Litmus: ARM64, MongoDB Hell, and Learning to Love Heterogeneous Clusters

I decided it was time to install Litmus in the cluster. Why? Because things breaking (and the learning that follows) is the entire point of this homelab. It's not homeprod, after all.

Litmus provides this capability with a nice UI (ChaosCenter) for designing chaos experiments and tracking their results. So I set out to install it.

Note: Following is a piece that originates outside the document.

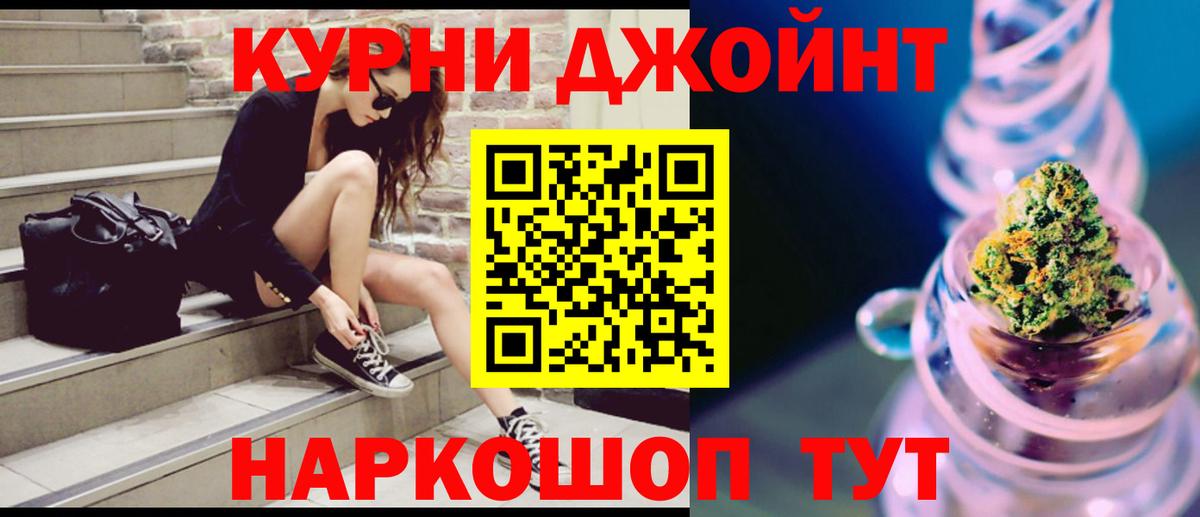МАРИХУАНА Amnesia  Вход с VPN  МАРИХУАНА VHQ  Кисловодск  Бошки Шишки White Widow 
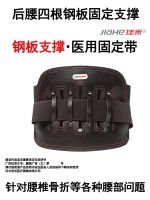 Jiahe Boutique Waist Support Belt Lumbar Disc Waist Support Belt Strained Waistline Lumbar Intervertebral Disc Steel Plate Fixed Protruding Lumbar Support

What followed was a multi-hour journey through ARM64 CPU microarchitecture incompatibilities, Bitnami image repository changes, heterogeneous cluster workload placement strategies, and Kubernetes node taints. By the end, I had learned way more about MongoDB's ARM support (or lack thereof) than I ever wanted to know.

What is Litmus?

Litmus is a CNCF chaos engineering platform for Kubernetes. It has two main deployment modes:

Operator-only mode: Just the chaos-operator and CRDs for defining chaos experiments. No UI, no persistence—just raw experiment execution via YAML.
ChaosCenter mode: Full deployment with a web UI, MongoDB for storing experiment history, and a GraphQL API server for managing experiments through a nice interface.

The ChaosCenter includes:

Frontend: React web UI for designing and visualizing chaos experiments
GraphQL Server: Backend API for experiment orchestration
Auth Server: Authentication/authorization service
MongoDB: Persistence layer for experiment definitions, execution history, and user data
Chaos Operator: The actual executor that runs chaos experiments

I wanted the full ChaosCenter experience because (1) I'm here to learn new tools, and (2) a UI makes it easier to explore what chaos experiments are available and visualize their impact.

Initial Deployment

I created the standard Flux resources in gitops/infrastructure/litmus/:

# namespace.yaml
---
apiVersion: v1
kind: Namespace
metadata:
  name: litmus
  labels:
    pod-security.kubernetes.io/enforce: baseline
    pod-security.kubernetes.io/audit: baseline
    pod-security.kubernetes.io/warn: baseline

# release.yaml - initial attempt
---
apiVersion: source.toolkit.fluxcd.io/v1
kind: HelmRepository
metadata:
  name: litmuschaos
  namespace: flux-system
spec:
  interval: 24h
  url: https://litmuschaos.github.io/litmus-helm/

---
apiVersion: helm.toolkit.fluxcd.io/v2beta1
kind: HelmRelease
metadata:
  name: litmus
  namespace: litmus
spec:
  interval: 30m
  chart:
    spec:
      chart: litmus
      version: ">=3.20.0 <4.0.0"
      sourceRef:
        kind: HelmRepository
        name: litmuschaos
        namespace: flux-system
      interval: 12h
  values:
    portal:
      frontend:
        service:
          type: LoadBalancer
          annotations:
            metallb.io/address-pool: default
            external-dns.alpha.kubernetes.io/hostname: chaos-center.goldentooth.net
            external-dns.alpha.kubernetes.io/ttl: "60"

    mongodb:
      enabled: true
      persistence:
        enabled: true
        size: 5Gi

This looked straightforward. MongoDB enabled, persistence configured, LoadBalancer service with external-dns annotation. What could go wrong?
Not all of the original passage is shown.